To include all variables we could use varechem ~ ., data = varechem
as the formula to include all variables — but as I said above, this isn't a good idea in general
ccafit <- cca(varespec ~ ., data = varechem)
> ccafit
Call: cca(formula = varespec ~ N + P + K + Ca + Mg + S + Al + Fe + Mn +
Zn + Mo + Baresoil + Humdepth + pH, data = varechem)
Inertia Proportion Rank
Total 2.0832 1.0000
Constrained 1.4415 0.6920 14
Unconstrained 0.6417 0.3080 9
Inertia is mean squared contingency coefficient
Eigenvalues for constrained axes:
CCA1 CCA2 CCA3 CCA4 CCA5 CCA6 CCA7 CCA8 CCA9 CCA10 CCA11
0.4389 0.2918 0.1628 0.1421 0.1180 0.0890 0.0703 0.0584 0.0311 0.0133 0.0084
CCA12 CCA13 CCA14
0.0065 0.0062 0.0047
Eigenvalues for unconstrained axes:
CA1 CA2 CA3 CA4 CA5 CA6 CA7 CA8 CA9
0.19776 0.14193 0.10117 0.07079 0.05330 0.03330 0.01887 0.01510 0.00949
The triplot of the above ordination is produced using the plot()
method
> plot(ccafit)

Of course, now the task is to work out which of those variables is actually important. Also note that we have explained about 2/3 of the species variance using just 13 variables. one of the problems of using all variables in this ordination is that we've created an arched configuration in sample and species scores, which is purely an artefact of using too-many correlated variables.
If you want to know more about this, check out the vegan documentation or a good book on multivariate ecological data analysis.
Relationship with regression
It is simplest to illustrate the link with RDA, but CCA is just the same except everything involves row and column two-way-table marginal sums as weights.

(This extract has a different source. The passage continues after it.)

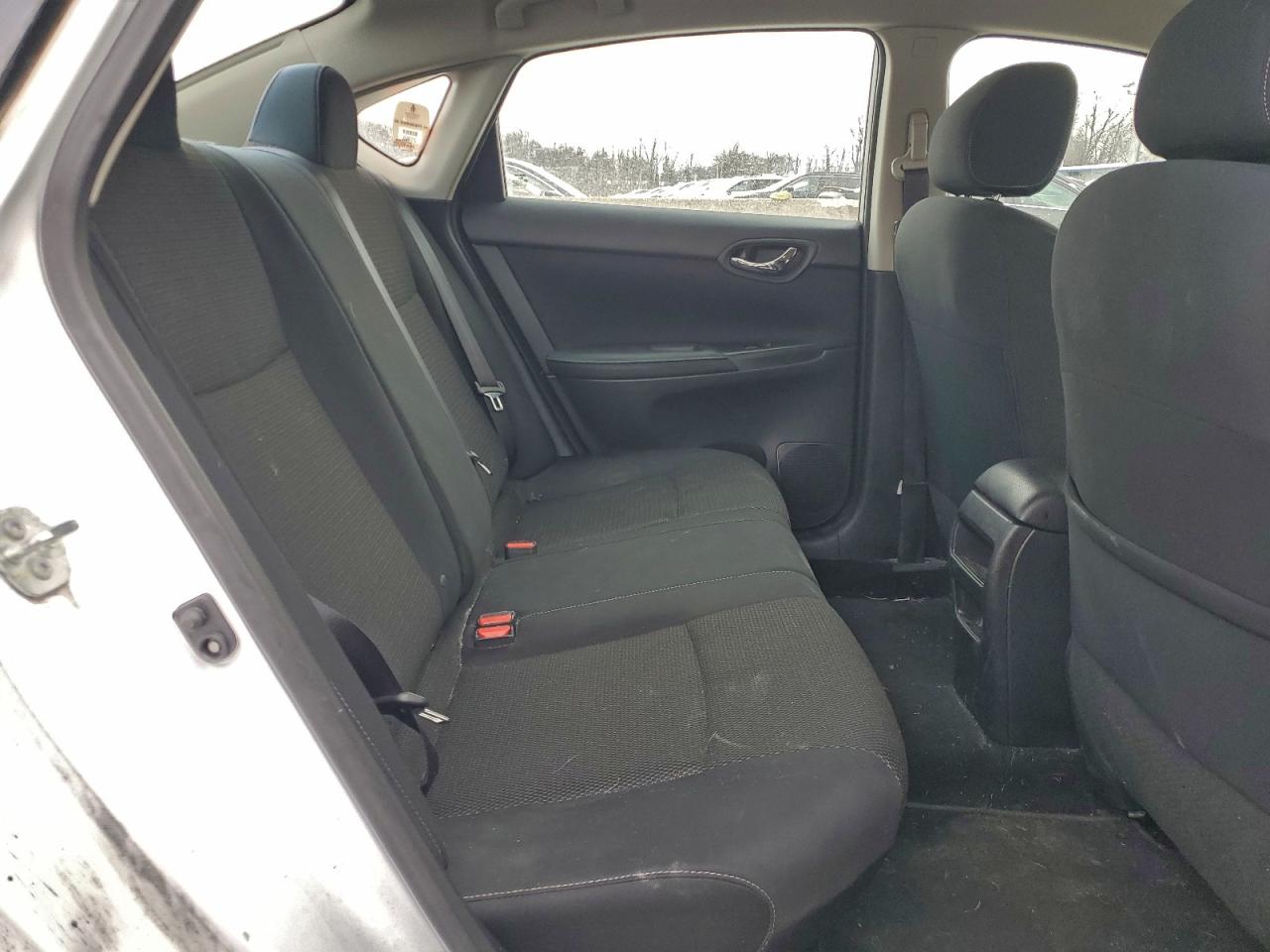 2019 NISSAN SENTRA S photo 10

At it's heart, RDA is equivalent to the application of PCA to a matrix of fitted values from a multiple linear regression fitted to each species (response) values (abundances, say) with predictors given by the matrix of explanatory variables.
In R we can do this as
## centre the responses
spp <- scale(data.matrix(varespec), center = TRUE, scale = FALSE)
## ...and the predictors
env <- as.data.frame(scale(varechem, center = TRUE, scale = FALSE))

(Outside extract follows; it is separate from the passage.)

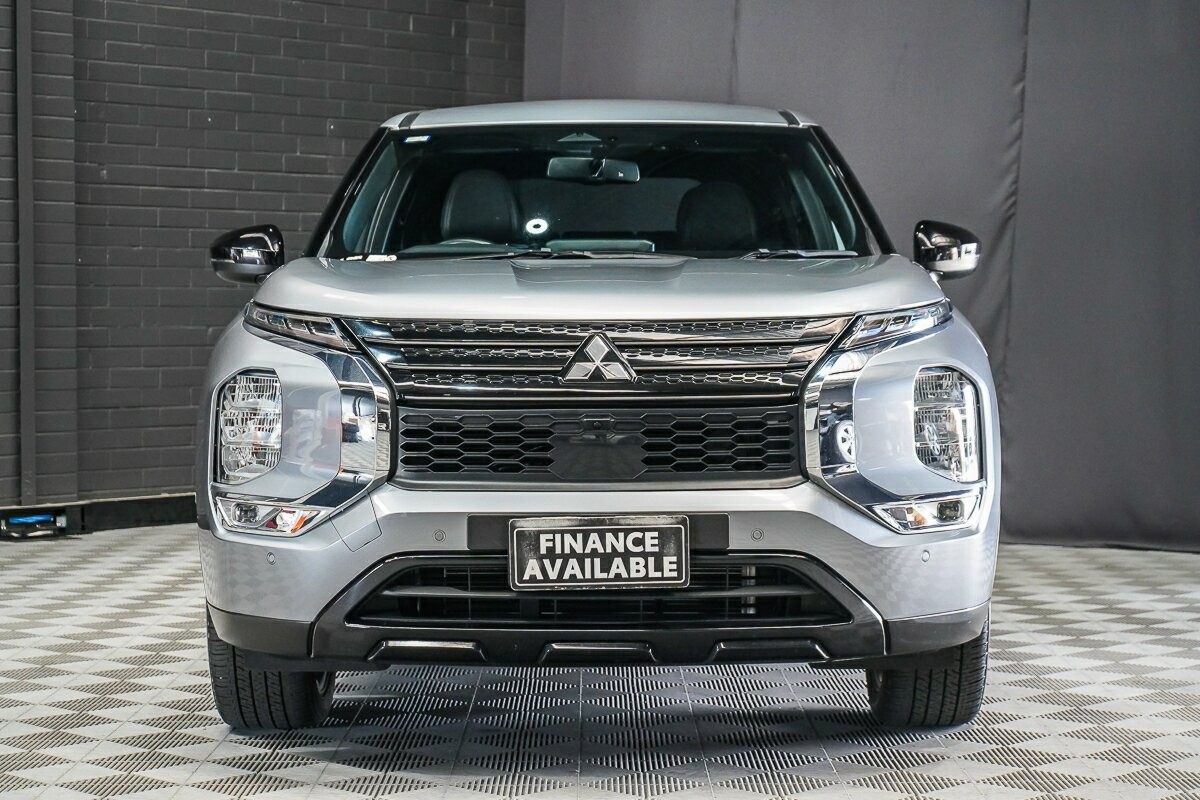 Mitsubishi Outlander image 3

## fit a linear model to each column (species) in spp.
## Suppress intercept as we've centred everything
fit <- lm(spp ~ . - 1, data = env)
## Collect fitted values for each species and do a PCA of that
## matrix
pclmfit <- prcomp(fitted(fit))
The Eigenvalues for these two approaches are equal:
> (eig1 <- unclass(unname(eigenvals(pclmfit)[1:14])))
[1] 820.1042107 399.2847431 102.5616781 47.6316940 26.8382218 24.0480875
[7] 19.0643756 10.1669954 4.4287860 2.2720357 1.5353257 0.9255277
[13] 0.7155102 0.3118612
> (eig2 <- unclass(unname(eigenvals(rdafit, constrained = TRUE))))
[1] 820.1042107 399.2847431 102.5616781 47.6316940 26.8382218 24.0480875
[7] 19.0643756 10.1669954 4.4287860 2.2720357 1.5353257 0.9255277
[13] 0.7155102 0.3118612
> all.equal(eig1, eig2)
[1] TRUE
For some reason I can't get the axis scores (loadings) to match, but invariably these are scaled (or not) so I need to look into exactly how those are being done here.
We don't do the RDA via rda()
as I showed with lm()
etc, but we use a QR decomposition for the linear model part and then SVD for the PCA part. But the essential steps are the same.